Allow me to be the first to welcome myself to England. Welcome to England, Ted! Or as the locals say, “Welcome to England, Ted!” Thanks England, it’s a pleasure to be here. That is to say, living in a foreign country where the language is not my native tongue, it’s a treat to have this weekend reprieve to speak English.
I’ve trekked here, clear ‘cross the English Channel and even circumnavigated through the UK border patrol (which I will congratulate them on being even more cut-throat than the nearly impenetrable American border). That adventure was immediately followed by a four hour car ride and arrival to the gentrified town of Bristol. When I was a wee tyke, my Mom used to sing the song, “…the kids in Bristol are sharp as a pistol, when they do the Bristol stomp!” Mom is so hip; a quick Google search has just informed me that those lyrics are from the Dovells’ 1961 hit Bristol Stomp.
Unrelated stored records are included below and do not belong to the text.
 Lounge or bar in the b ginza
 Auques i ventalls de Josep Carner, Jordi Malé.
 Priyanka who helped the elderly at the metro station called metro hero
Rather than fifty year old pop hits, more apt subject matter is why am I here? This glass protected signage should clear things up.
Red Bull – in this instance not presented by Tim Johnson – is putting on this head-to-head street sprints up a popular downtown shopping hill, Park Street. Called “Hill Chasers“, hopefully as a participant you’re not chasing anyone when you cross the line. Cause then you’re in second place and then you’re just going home. Having honed my diesel engine over the past four years by pulling the peloton along for hours on end, I should point out that a 170 meter hill climb is just… comical. But I’m here to make the most of it and drink a small boat load of Red Bull, so let’s go!
A view from the top of Park Street:
And a view from the bottom:
Naturally, I’ll @Strava the heck out of it when it’s all said and done, so be sure to stay tuned.
Witnessing today’s youth stomping gleefully through the street of Bristol has somehow eluded me in my brief 20 hours here, I did however manage a scenic morning ride, which segued directly into a very British wintery, pissing rain ride. Complete with a ferocious wind coming off the north Atlantic to the left (assuming you operate from cardinal directions and always face north, like I do), I felt like quite the local contending with these perfectly normal UK’ian conditions. Anything less would have been inhospitable.
This photo was enhanced for extra drama. That on the horizon is called the sun, which is going in the opposite direction. Rain is fast approaching.
Here I am thinking that I’m in England but then it dawns on me that I could very well be in the Belgian Ardennes. Cow paths no more than the width of one car, massive expanses of farm lands, some rolling hills intertwined with sharp kinks in the geography, and “mud” – or what comes from the hind end of an animal and a normal person would call poo.
Despite its rain, England is an exceedingly beautiful country and I can’t help but feel like I’m engulfed by an erudite culture. Tartans and lots of plaid, stone and brick building aplenty, hunting dogs – yup seriously, horses everywhere, rugby and polo fields aplenty, for some reason large geese make me think of highbrow folk, people drinking “a spot of tea”, boarding schools atop virtually every hill I rode over, and dozens of other details both intricate and obtuse that makes me feel like these people is wicked smart.
And on that scholarly note, I need to go ride my bike up a hill.